> [Stored items from a collection]
┄┄┄┄┄┄┄┄┄┄
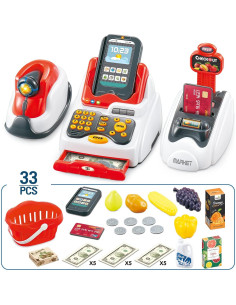 Juguete de Registro de Caja Yoliyogo 33pcs con Escáner y Sonido 2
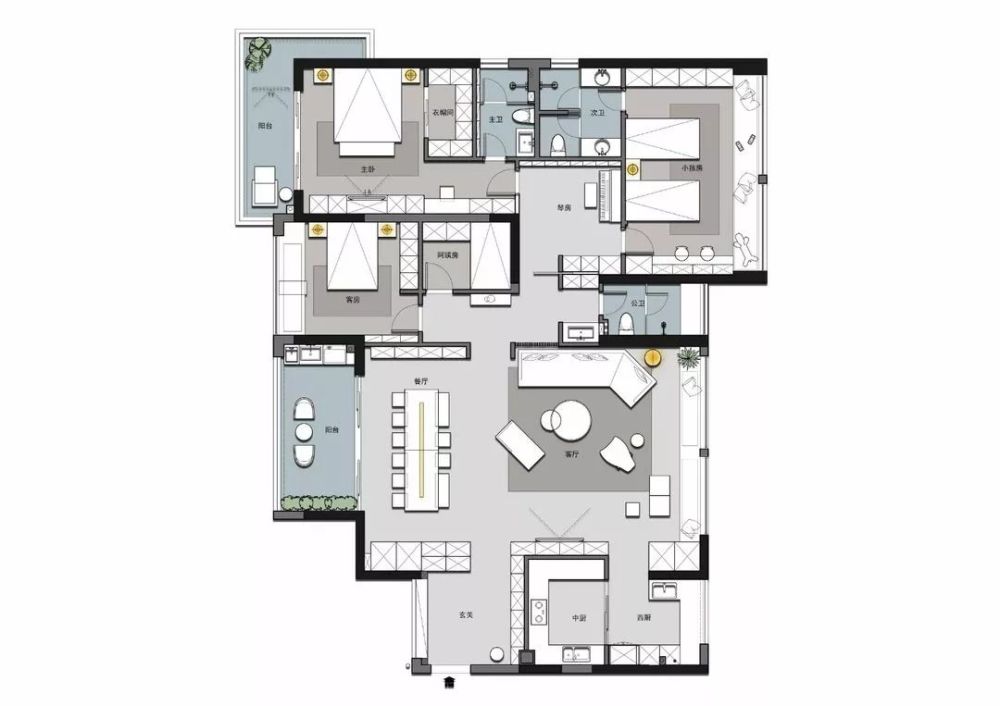 扩建到250㎡左右,每星期都会有大概20个人来他们家聚餐!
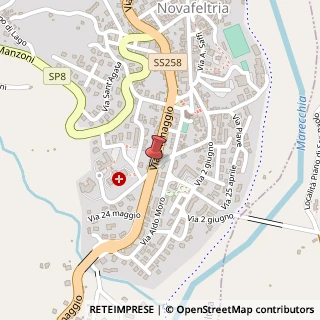 Mappa Via XXIV Maggio, 174, 47863 Novafeltria, Rimini (Emilia Romagna)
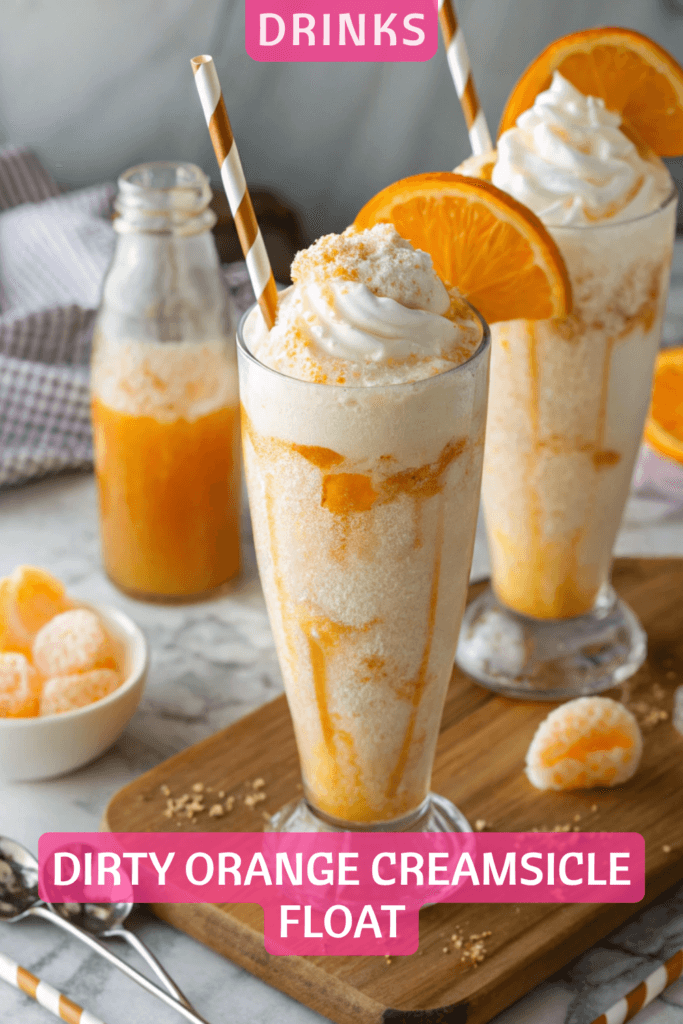 dirty orange creamsicle float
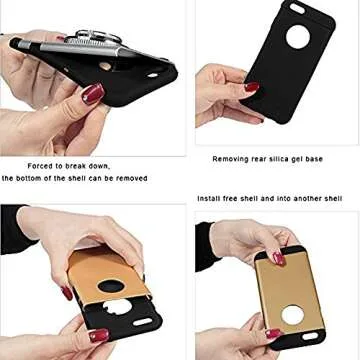 Black Lemon Vintage Camera Case for iPhone 6Plus/6sPlus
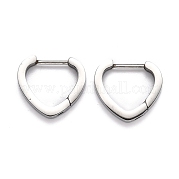 Серьги-кольца в форме сердца из нержавеющей стали 304 STAS-H156-15P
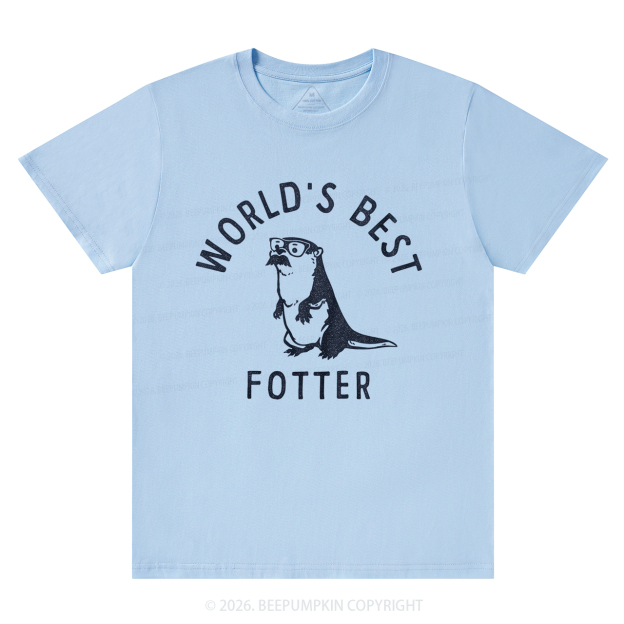Funny Otter World's Best Father T-Shirts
┄┄┄┄┄┄┄┄┄┄
> [Exercise] Find the line that contains "扩建到250㎡左右,每星期都会有大概20个人来他们家聚餐!", then write out that line and each one after it, exactly and with nothing else, through the end of the entries above, without the pictures.

> [Written answer]
 扩建到250㎡左右,每星期都会有大概20个人来他们家聚餐!
 Mappa Via XXIV Maggio, 174, 47863 Novafeltria, Rimini (Emilia Romagna)
 dirty orange creamsicle float
 Black Lemon Vintage Camera Case for iPhone 6Plus/6sPlus
 Серьги-кольца в форме сердца из нержавеющей стали 304 STAS-H156-15P
Funny Otter World's Best Father T-Shirts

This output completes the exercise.